As the old adage goes laughter is the best medicine. Even modern science is backing the cliché up, telling us about the endorphins you a release, the cortisol and epinephrine you reduce, and if you are laughing in HD with surround sound, it can even serve as a natural anaesthetic. For me, laughter has been my best friend since as far back as I can remember. Through all the pain, a good laugh got me through. Like when I lost my mother in 2011, I hit the comedy clubs harder than I hit the bottle. I found it has a longer effect on easing the pain. When tensions run high, I find breathing space in a little giggle, it assures me that I am not consumed by the darkness. In fact, in the darkest of time, laughter has pierced through the bleakness in bright shards of golden light.
If music is the elixir to the soul, then comedy is the soul’s healing massage. This be why I don’t understand people who do not to laugh. I wonder if people less willing to laugh at themselves are insecure in their truth. Perhaps they are even addicted to all that cortisol and epinephrine in their system? They are on standby for a fight, because jokes work their nerves like guitar strings. You will ask them why the chicken crossed the road and their first response would be why you have to ask THEM about the chicken and in any case there are many other animals out there crossing the road all the time, why don’t you ask about those.
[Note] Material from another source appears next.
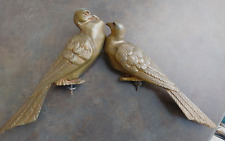 LIMOUSIN COUPLE DE PIGEONS REGULE ART DECO
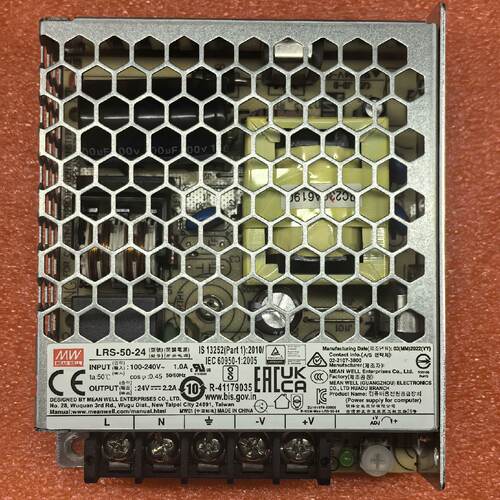售明纬电源LRS5024有2台24V输出实物拍摄-议价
In fact, what are you trying to say about them and chickens. Why must everything be about chickens. Trust me, it leaves me as confused as you are reading this. Like, dude, its just a joke, nobody is rewriting your history or pointing a finger at you. The person, in fact, who is pointing the finger is you. Comedy in my world takes two shapes. It can be like those carnival fun house mirrors that distort your body and you pack up laughing at how ridiculous you look. The catch is that in between those mirrors are proper mirrors that reflect your true image back at you. And when your modus operandi in the world and your thinking are reflected back at you and you don’t like what you see, you act out. When comedy did that to people I get l sick satisfaction out of it, because I know it’s hit a nerve. Well, it also exposes those intellectual inferiority of people who are unable to engage in sober debate because they are so drunk in their self-righteousness.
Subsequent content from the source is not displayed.